(Data supplied)

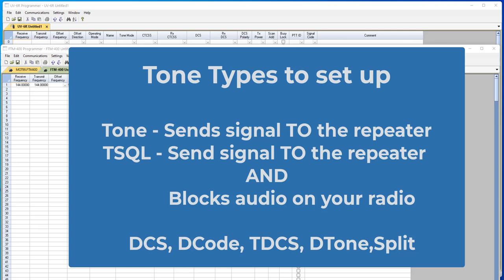Because if you set it to tone squelch and that's not correct, you won't hear anything on your radio. The audio won't come back to you. You get a visible signal on the radio that you're receiving transmissions back to you, but you won't hear anything. That's tone squelch doing its job.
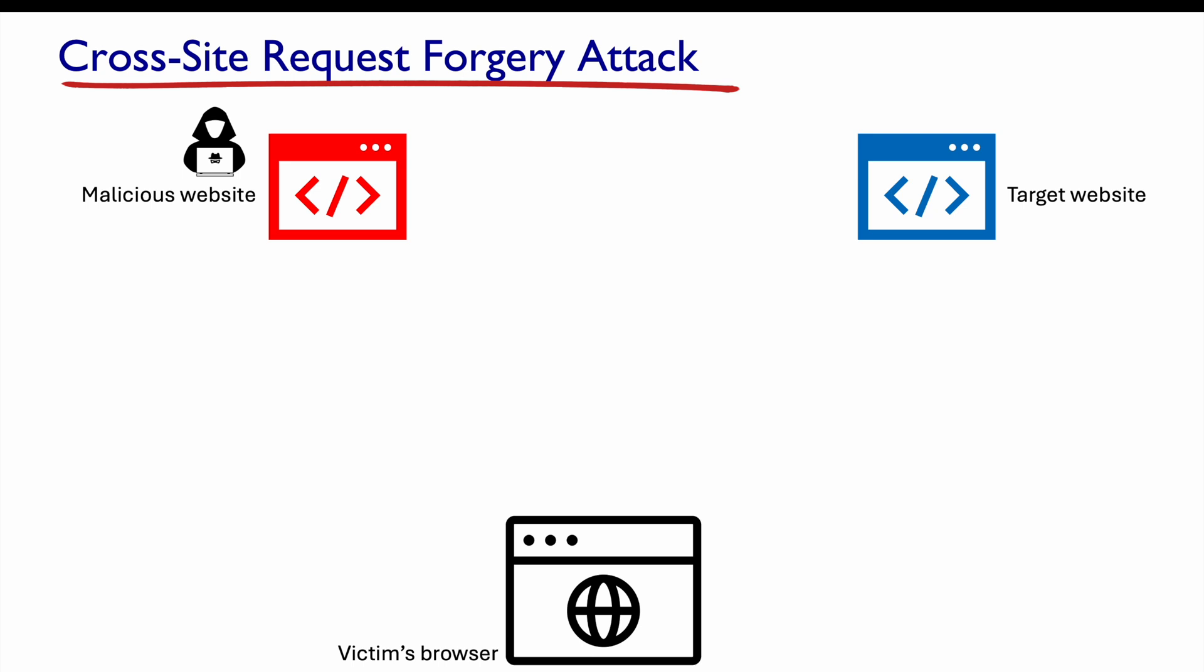In this video, we'll go over the cross-site request forgery attack of the SEED labs and we'll be working on task three, which is the edit profile attack using HTTP POST request.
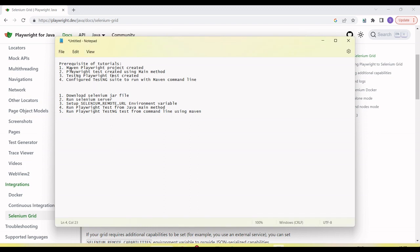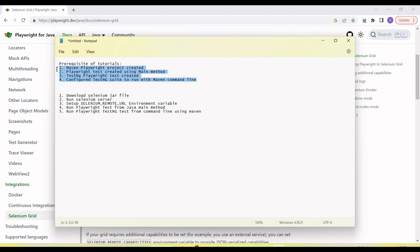This video has some prerequisites: your project should be configured with Maven, you should have created some Playwright tests using the main method as well as TestNG, and your tests should be runnable from the Maven command line. If you don't know how to create a Maven project, a Playwright TestNG suite, or a main method, I recommend watching my previous video where I cover those in more detail.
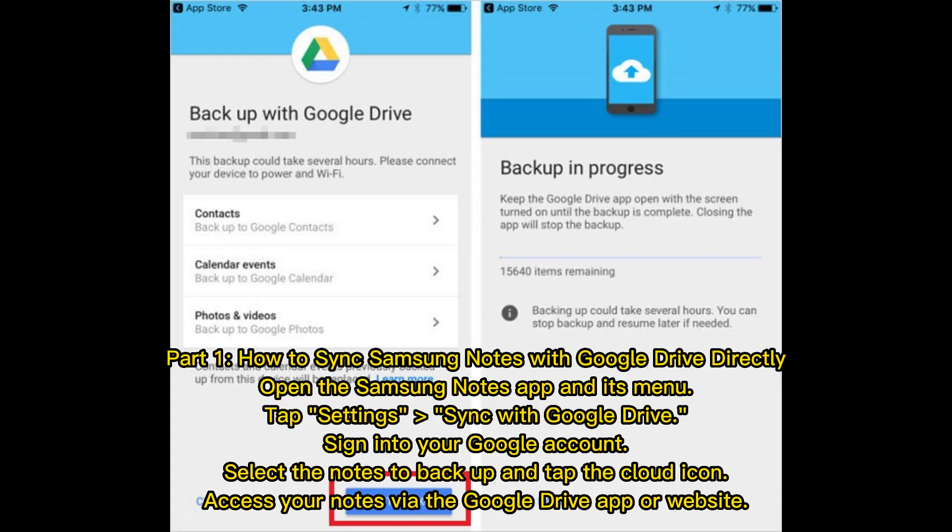Part 1: How to sync Samsung Notes with Google Drive directly. Open the Samsung Notes app and its menu. Tap Settings, sync with Google Drive. Sign into your Google account. Select the notes to back up and tap the cloud icon. Access your notes via the Google Drive app or website.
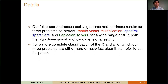Our full paper addresses algorithms and hardness for our three problems of interest for a wide range of K, for both the high dimensional and low dimensional settings. For a more complete classification of the K and d for which our three problems are either hard or have fast algorithms, you can refer to our full paper, in particular our introduction. Thank you very much.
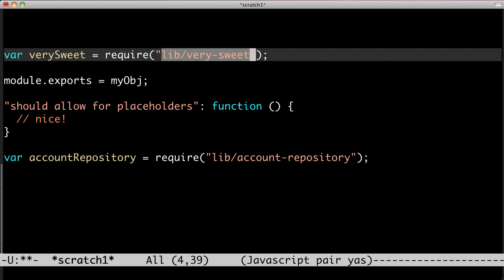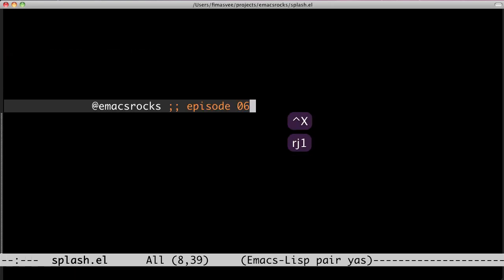That was episode 6. You can check out my snippets on the GitHub repo. There's a link on my site. And for more Emacs Rocks, follow me on Twitter. Later.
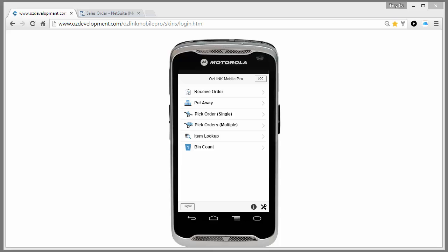Welcome to the Auslink Mobile Pro sales order picking demonstration. Today I'm going to use my mobile scanner device to pick a sales order, and I'm also going to print my shipping label and packing slip directly from the mobile device.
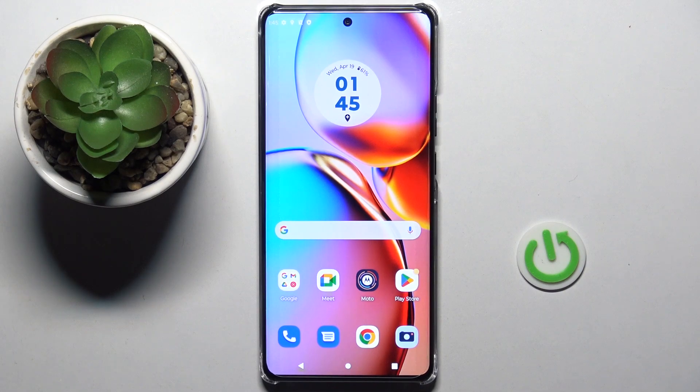Good morning guys! In front of me is Motorola Edge 30 Pro and let me show you how to change wallpaper on this device.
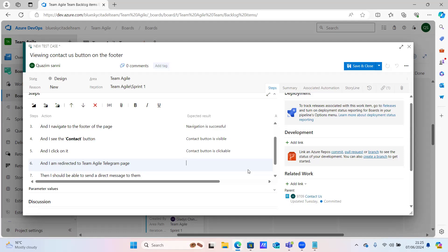Can we use the word reroute? To Team Agile Telegram page - reroute. You can always use 'redirected.' Team Agile Telegram page is displayed - let's go with that. There are different approaches - you always want to go with what I say but it doesn't have to be like that. Then Team Agile Telegram page is displayed. Then I should be able to send a direct message. Let me quickly see - go back to the one with the acceptance criteria. Let me see if there's any additional information. The only additional omission is the Telegram link.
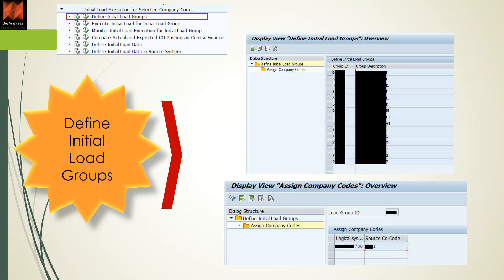To create a group, you assign a group ID — for example, ABCD — and set the source system, such as AP1. You then select that group, click 'Assign Company Codes' on the left, and assign the logical system. Under the load group ID you assign the logical source system and source company codes. One group ID can have the same logical system with multiple company codes — two, three, or fifty — depending on data volume and controlling area combinations.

(End Data supplied)

Your objective: Starting with the line that contains "That was episode" and finishing with the line that contains "Can we use the", reproduce every line of the material above exactly, but not the pictures.

Output below:
That was episode 6. You can check out my snippets on the GitHub repo. There's a link on my site. And for more Emacs Rocks, follow me on Twitter. Later.
Welcome to the Auslink Mobile Pro sales order picking demonstration. Today I'm going to use my mobile scanner device to pick a sales order, and I'm also going to print my shipping label and packing slip directly from the mobile device.
Good morning guys! In front of me is Motorola Edge 30 Pro and let me show you how to change wallpaper on this device.
Can we use the word reroute? To Team Agile Telegram page - reroute. You can always use 'redirected.' Team Agile Telegram page is displayed - let's go with that. There are different approaches - you always want to go with what I say but it doesn't have to be like that. Then Team Agile Telegram page is displayed. Then I should be able to send a direct message. Let me quickly see - go back to the one with the acceptance criteria. Let me see if there's any additional information. The only additional omission is the Telegram link.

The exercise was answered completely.